Which of the following is least ionic?

We need to determine which of the given compounds is the least ionic.

We know from Fajans’ rules that ionic character decreases (and covalent character increases) when the cation is small with high charge (high charge density equals high polarizing power), the anion is large and easily polarizable, and the cation adopts a pseudo-noble gas configuration (such as an 18-electron outer shell) instead of a noble gas configuration (8-electron outer shell), since cations with (n-1)d$$^{10}$$ configurations exhibit higher polarizing power.

With these considerations in mind, we examine each compound in turn.

In BaCl$$_2$$ the Ba$$^{2+}$$ ion is large and has the noble gas configuration [Xe], which results in low polarizing power; consequently, BaCl$$_2$$ is highly ionic.

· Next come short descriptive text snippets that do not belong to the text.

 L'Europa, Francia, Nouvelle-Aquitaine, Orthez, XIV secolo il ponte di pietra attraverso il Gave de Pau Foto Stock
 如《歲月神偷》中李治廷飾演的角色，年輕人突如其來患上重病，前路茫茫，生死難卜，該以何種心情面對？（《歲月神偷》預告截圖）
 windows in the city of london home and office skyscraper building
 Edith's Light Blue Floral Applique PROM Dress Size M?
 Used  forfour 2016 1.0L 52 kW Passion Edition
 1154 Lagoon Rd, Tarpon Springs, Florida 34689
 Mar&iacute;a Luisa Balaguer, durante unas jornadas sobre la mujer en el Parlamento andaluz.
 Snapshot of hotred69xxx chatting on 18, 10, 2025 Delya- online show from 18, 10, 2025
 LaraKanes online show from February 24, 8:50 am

In AgCl, the Ag$$^{+}$$ ion has the electronic configuration [Kr]4d$$^{10}$$, and despite its +1 charge, its filled d-shell provides strong polarizing power; this causes AgCl to exhibit significant covalent character.

In KCl, the K$$^{+}$$ ion has the noble gas configuration [Ar] and a relatively large radius, leading to low charge density and making KCl one of the most ionic compounds.

In CoCl$$_2$$ the Co$$^{2+}$$ ion has the configuration [Ar]3d$$^7$$ and thus some polarizing power due to its +2 charge and incomplete d-shell, but it is not as strongly polarizing as Ag$$^{+}$$; therefore, CoCl$$_2$$ is more ionic than AgCl yet less so than BaCl$$_2$$ and KCl.

Ranking these compounds by ionic character from most to least ionic gives KCl > BaCl$$_2$$ > CoCl$$_2$$ > AgCl.

AgCl is the least ionic compound because Ag$$^{+}$$ has exceptionally high polarizing power according to Fajans’ rules.

The correct answer is Option (2): AgCl.